■ DATA SHOWN ■
☆ ☆ ☆ ☆ ☆ ☆ ☆

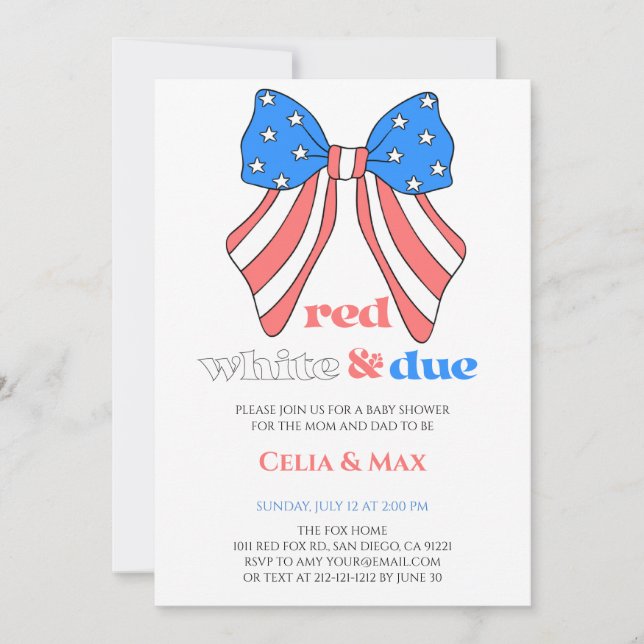 Invitation 4 juillet Bow Independence Day Baby shower américa (Devant)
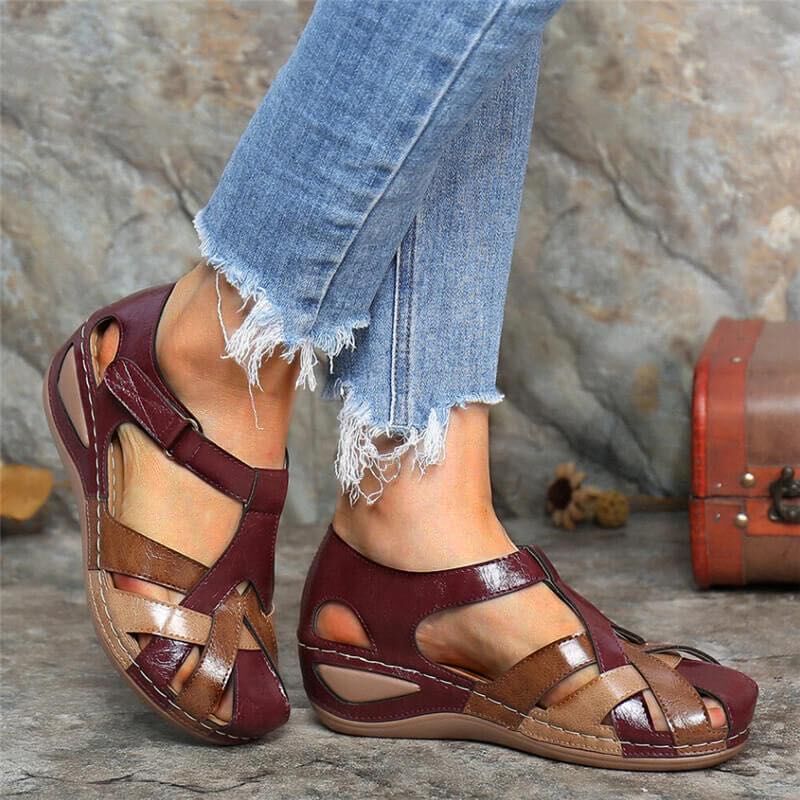 Vintage-Inspired Orthopaedic Women's Sandals with Comfort Support and Lightweight Sole 0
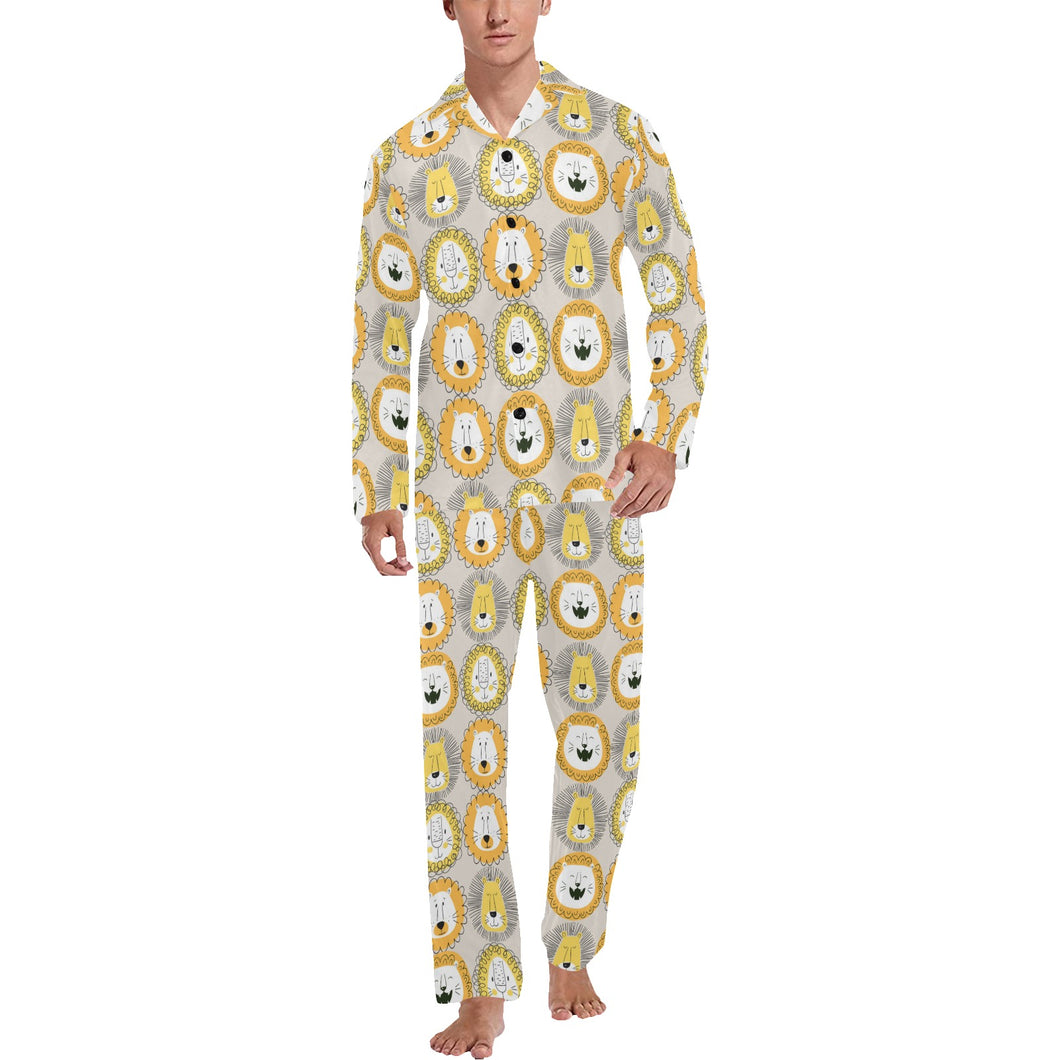 Lion Pattern Print Design 04 Men's Long Pajama Set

☆ ☆ ☆ ☆ ☆ ☆ ☆

■ TASK BRIEF ■
Reproduce the entire listing exactly, but omit any pictures.

■ RESULT BELOW ■
 Invitation 4 juillet Bow Independence Day Baby shower américa (Devant)
 Vintage-Inspired Orthopaedic Women's Sandals with Comfort Support and Lightweight Sole 0
 Lion Pattern Print Design 04 Men's Long Pajama Set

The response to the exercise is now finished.